### TASK ITEM
Find "Apartment Spitzenblick Angerberg" in the material below, then write out that line and every line after it exactly, ending with the last one; skip the pictures.

.....

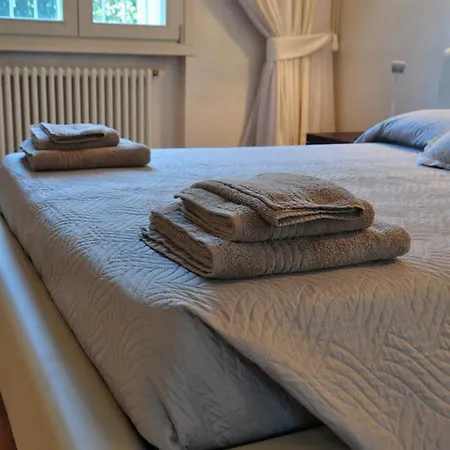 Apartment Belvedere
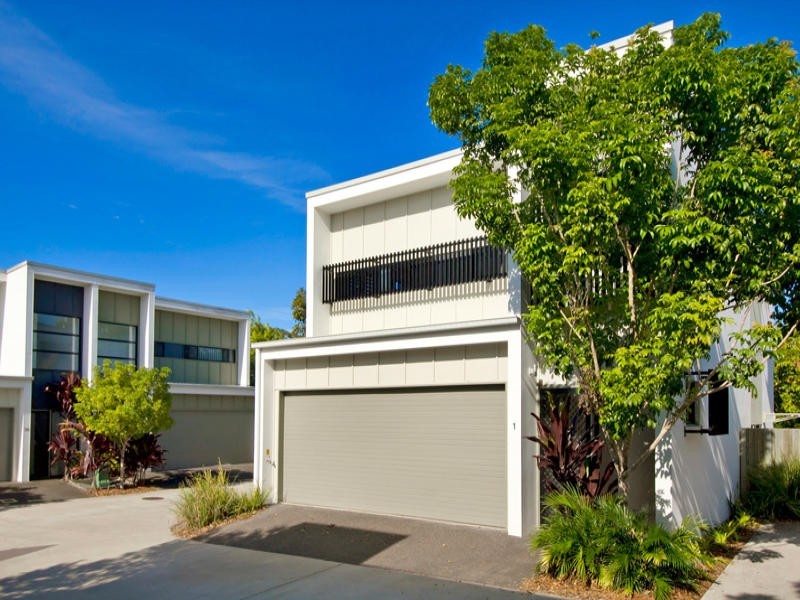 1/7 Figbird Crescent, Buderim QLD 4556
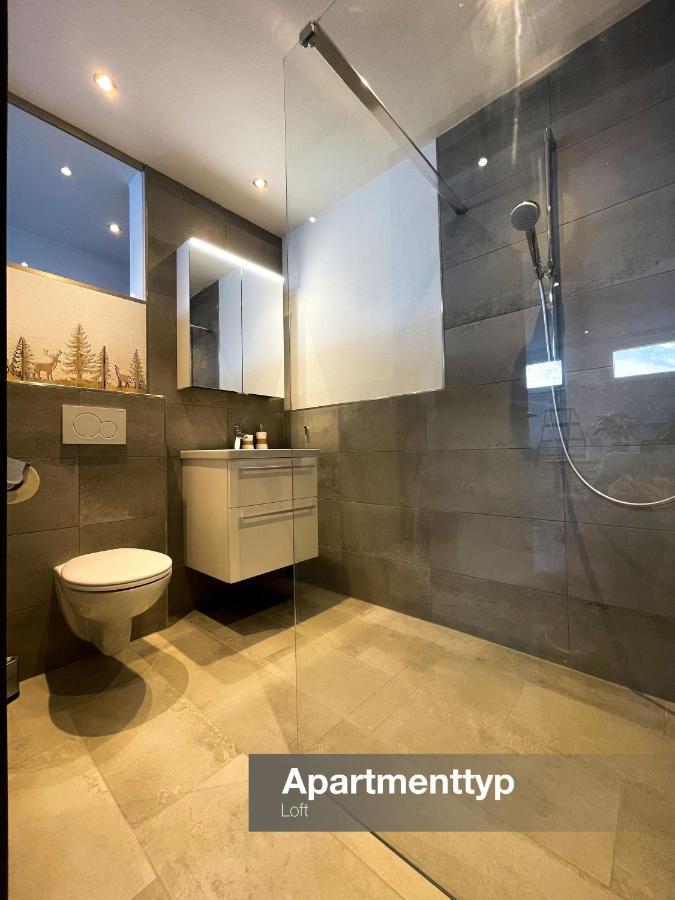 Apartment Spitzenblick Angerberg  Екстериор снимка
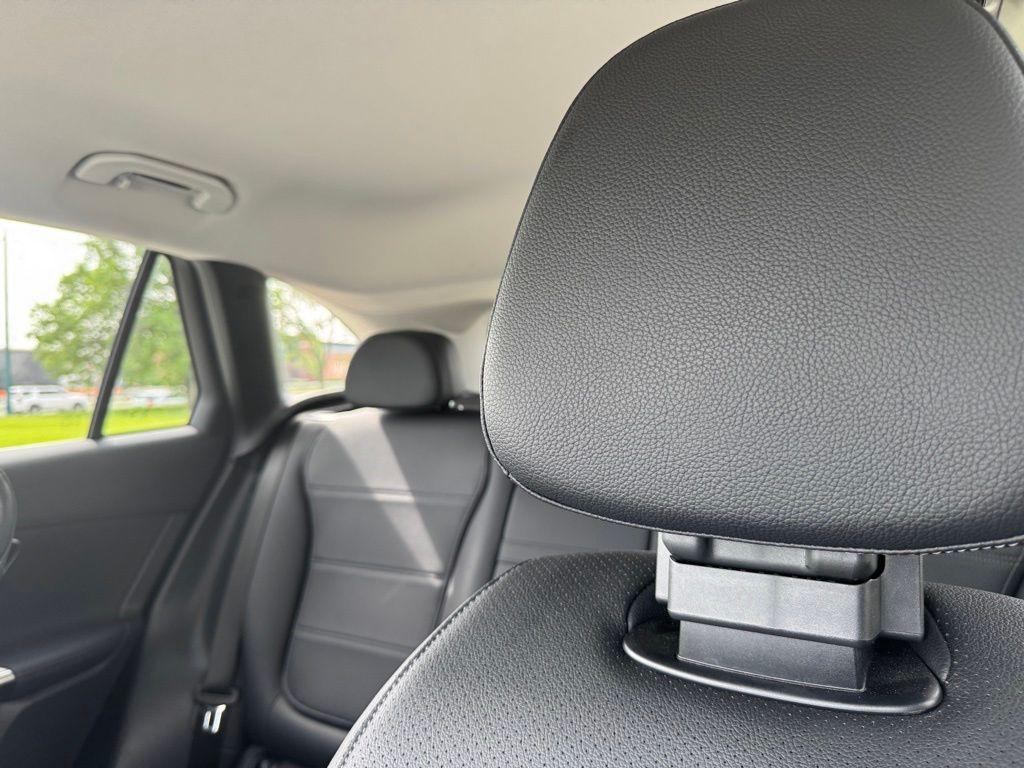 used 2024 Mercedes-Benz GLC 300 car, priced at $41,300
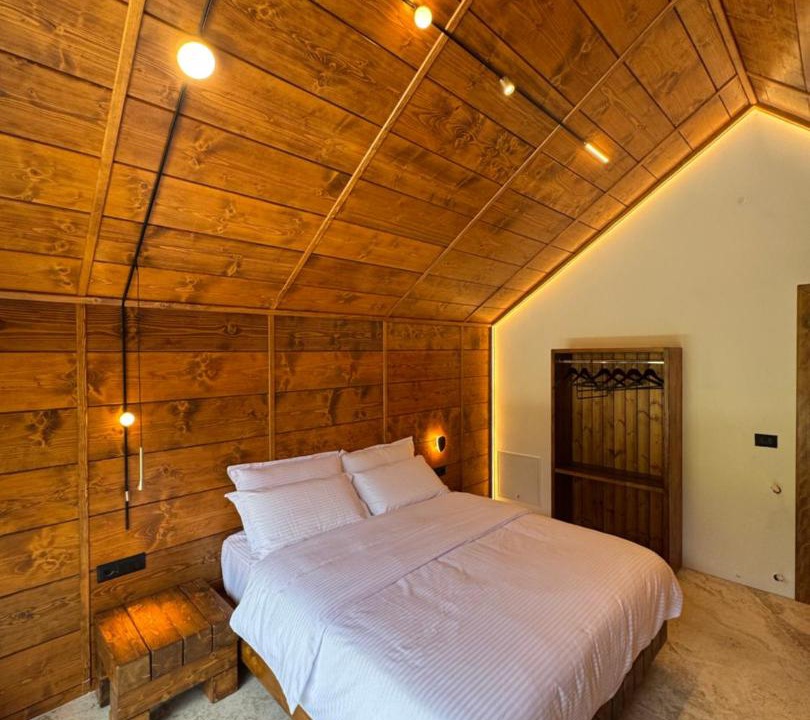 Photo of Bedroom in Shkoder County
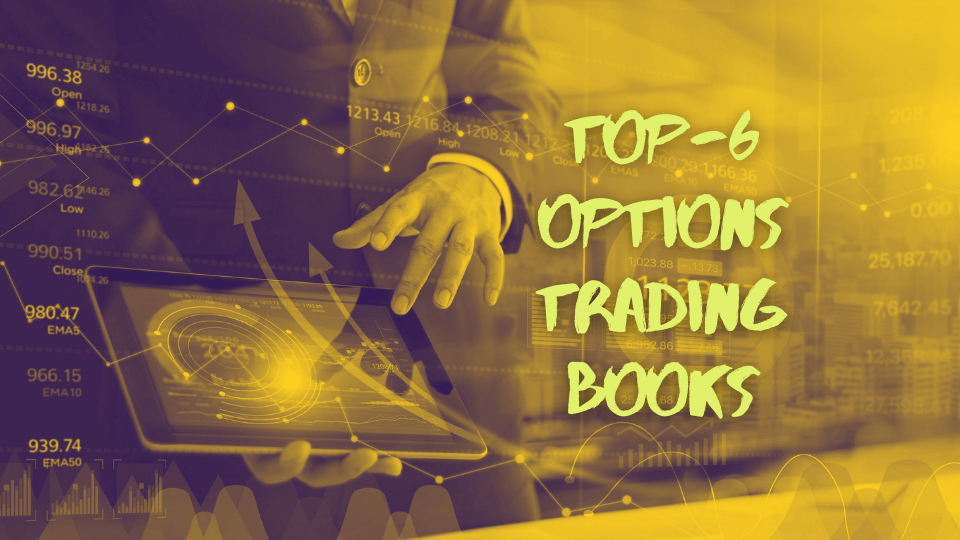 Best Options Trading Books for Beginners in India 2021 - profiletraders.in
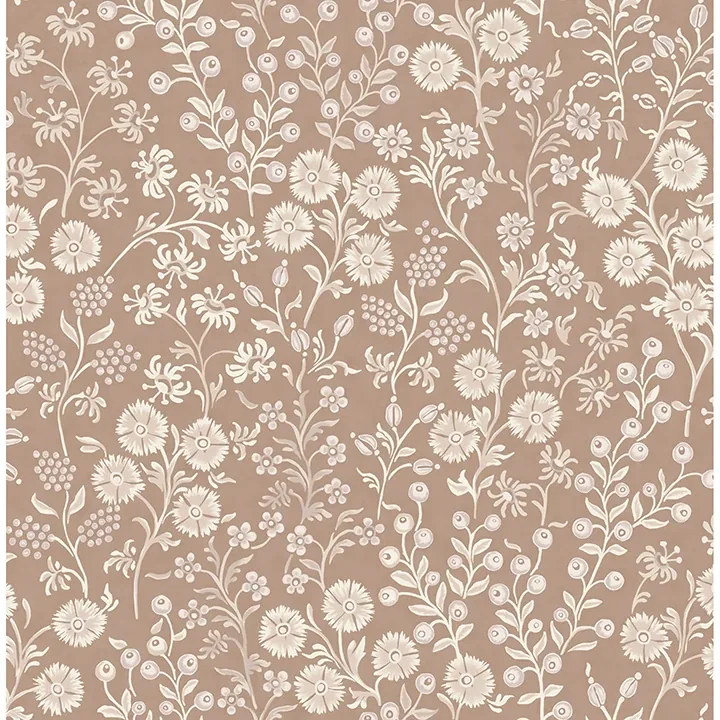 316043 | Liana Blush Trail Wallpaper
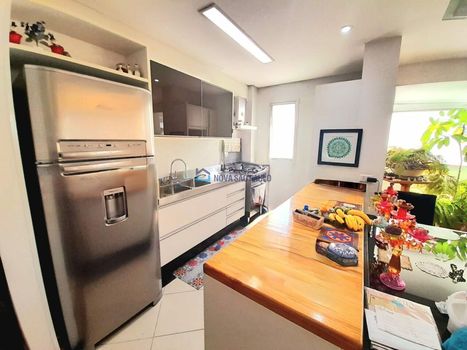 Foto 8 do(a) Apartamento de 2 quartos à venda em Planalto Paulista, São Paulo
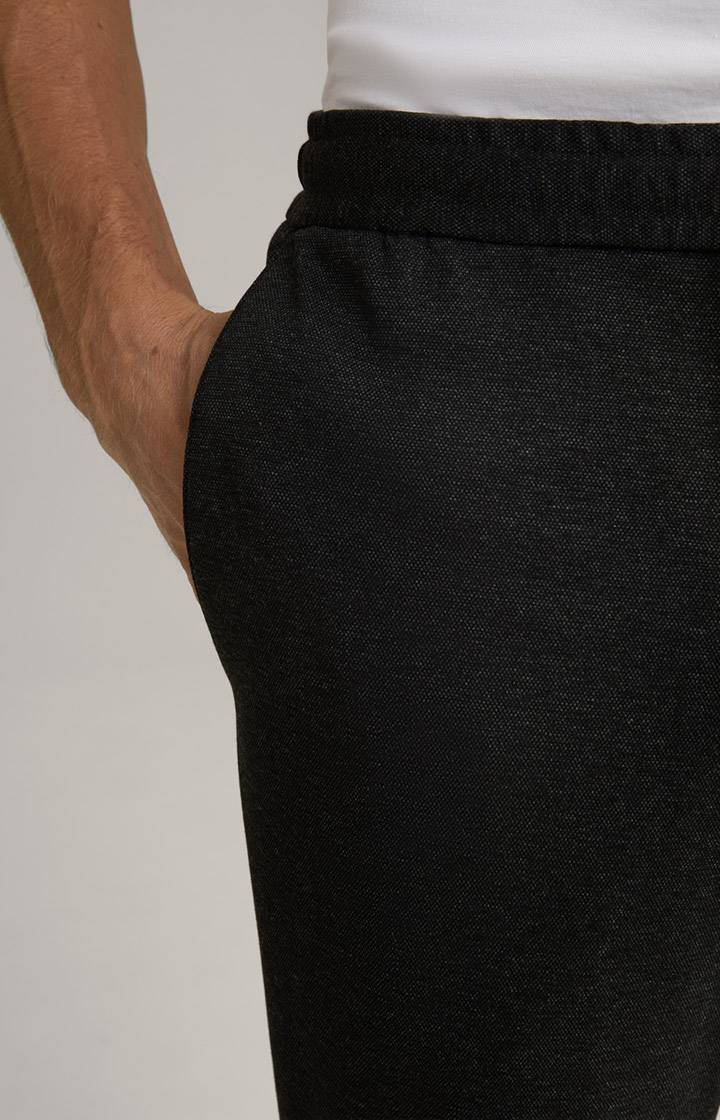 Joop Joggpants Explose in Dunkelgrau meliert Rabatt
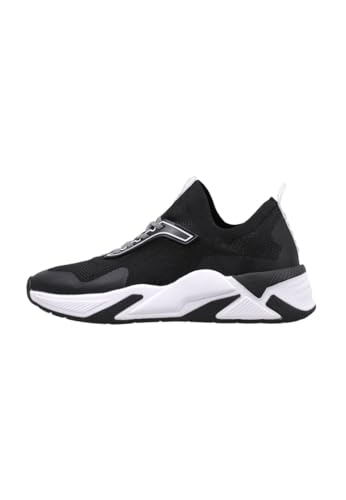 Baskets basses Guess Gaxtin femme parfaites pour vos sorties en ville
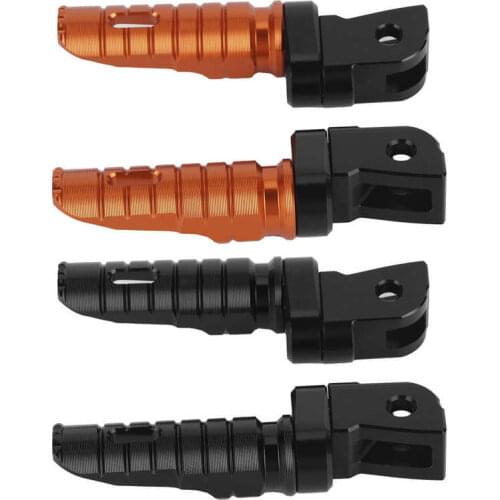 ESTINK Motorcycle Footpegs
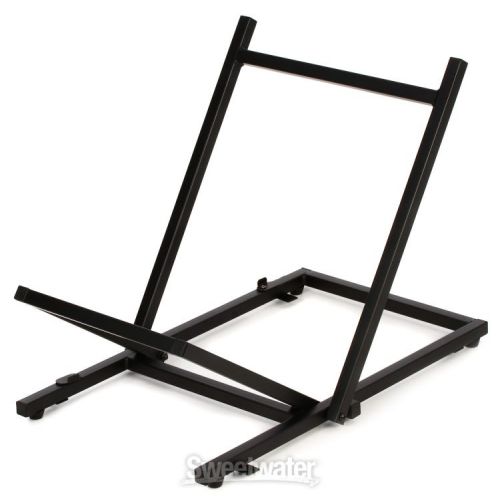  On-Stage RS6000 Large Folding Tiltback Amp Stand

.....

### RESPONSE TO THIS TASK
 Apartment Spitzenblick Angerberg  Екстериор снимка
 used 2024 Mercedes-Benz GLC 300 car, priced at $41,300
 Photo of Bedroom in Shkoder County
 Best Options Trading Books for Beginners in India 2021 - profiletraders.in
 316043 | Liana Blush Trail Wallpaper
 Foto 8 do(a) Apartamento de 2 quartos à venda em Planalto Paulista, São Paulo
 Joop Joggpants Explose in Dunkelgrau meliert Rabatt
 Baskets basses Guess Gaxtin femme parfaites pour vos sorties en ville
 ESTINK Motorcycle Footpegs
  On-Stage RS6000 Large Folding Tiltback Amp Stand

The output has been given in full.